= ASSIGNED TASK =
Print all of the data exactly, but drop the pictures.

= DATA SECTION =
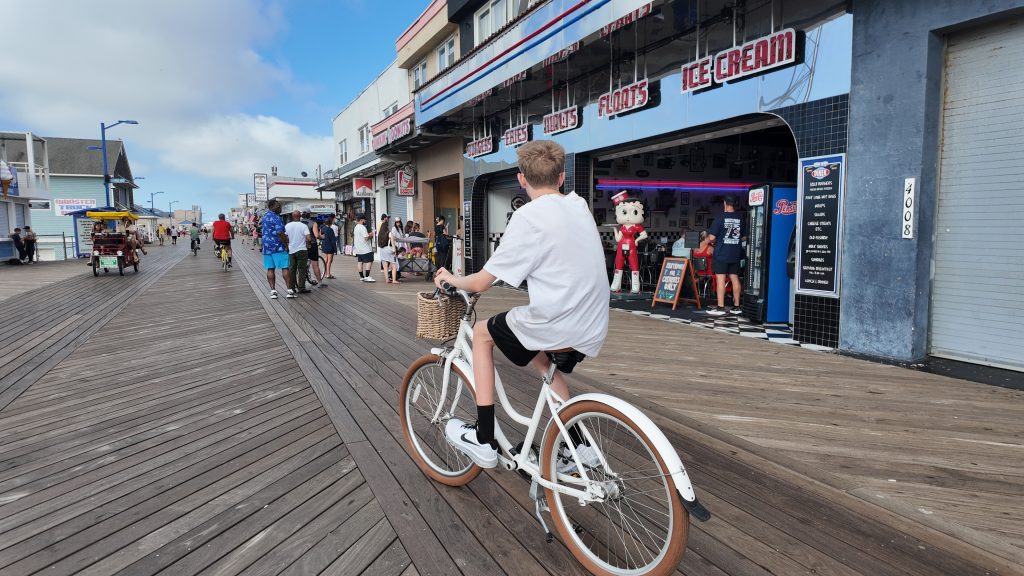 A teenage boy biking on the boardwalk alongside a restaurant with Betty Boop in front of it in Wildwood NJ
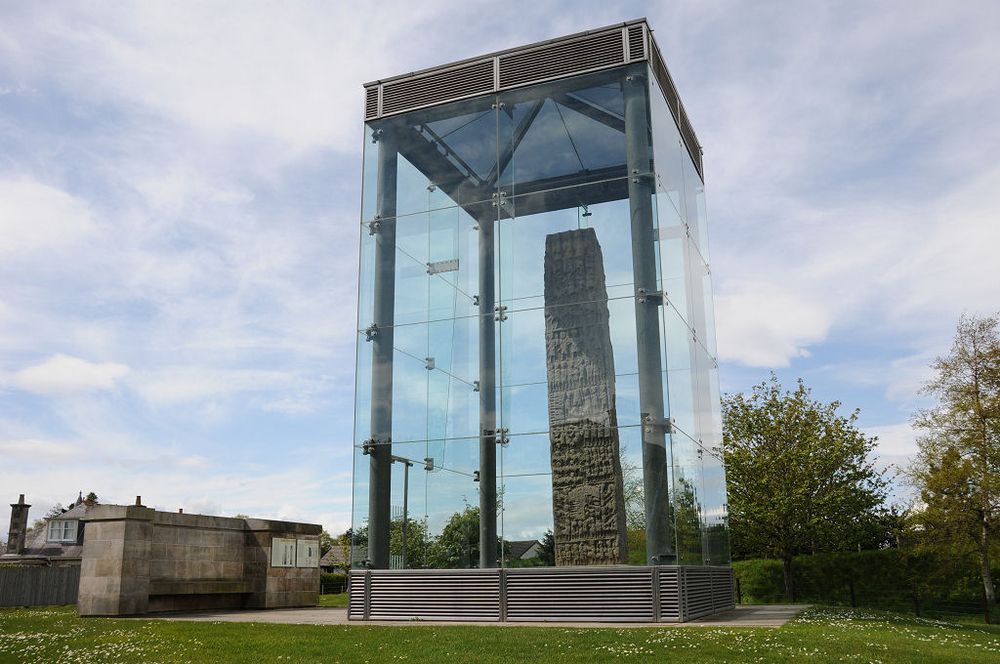 Sueno's Stone. The image shows a view from slightly below of a tall transparent box supported by metal corner pillars and frame. Within the box is a tall carved stone with row upon row of carved figures in a very complex arrangement. There’s a low wall to the left with a seat and houses in the background. The scene is in sunlight.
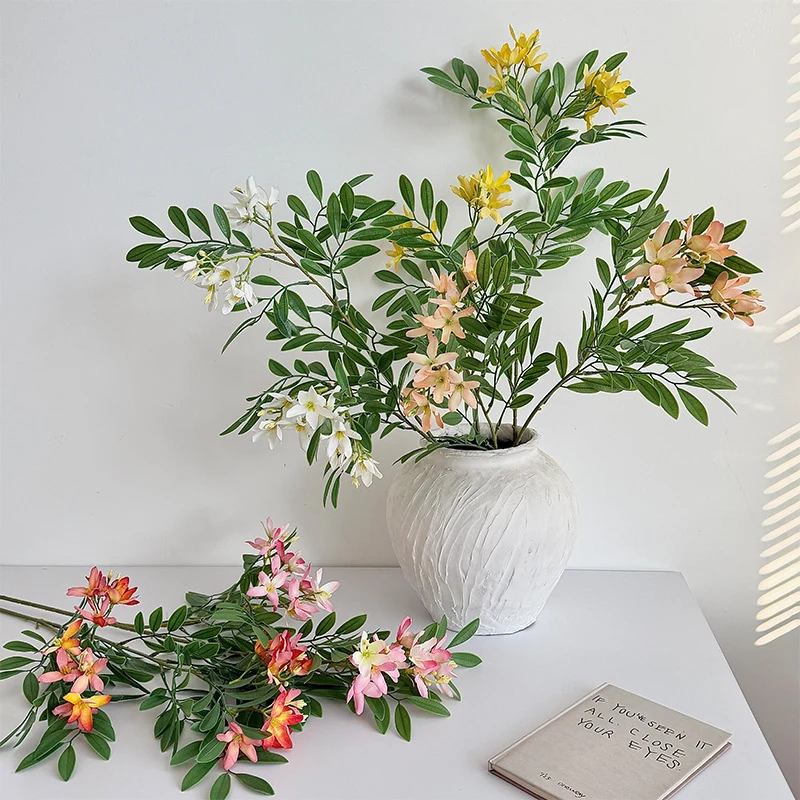 Decorative artificial flower branch with delicate flowers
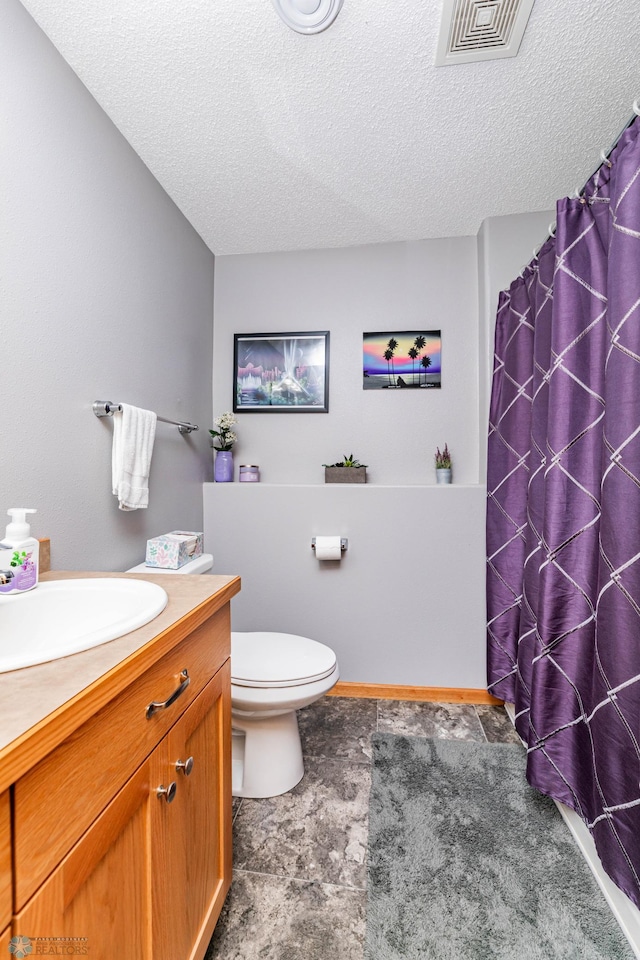 full bathroom with visible vents, toilet, vanity, a shower with curtain, and a textured ceiling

= TASK ANSWER =
 A teenage boy biking on the boardwalk alongside a restaurant with Betty Boop in front of it in Wildwood NJ
 Sueno's Stone. The image shows a view from slightly below of a tall transparent box supported by metal corner pillars and frame. Within the box is a tall carved stone with row upon row of carved figures in a very complex arrangement. There’s a low wall to the left with a seat and houses in the background. The scene is in sunlight.
 Decorative artificial flower branch with delicate flowers
 full bathroom with visible vents, toilet, vanity, a shower with curtain, and a textured ceiling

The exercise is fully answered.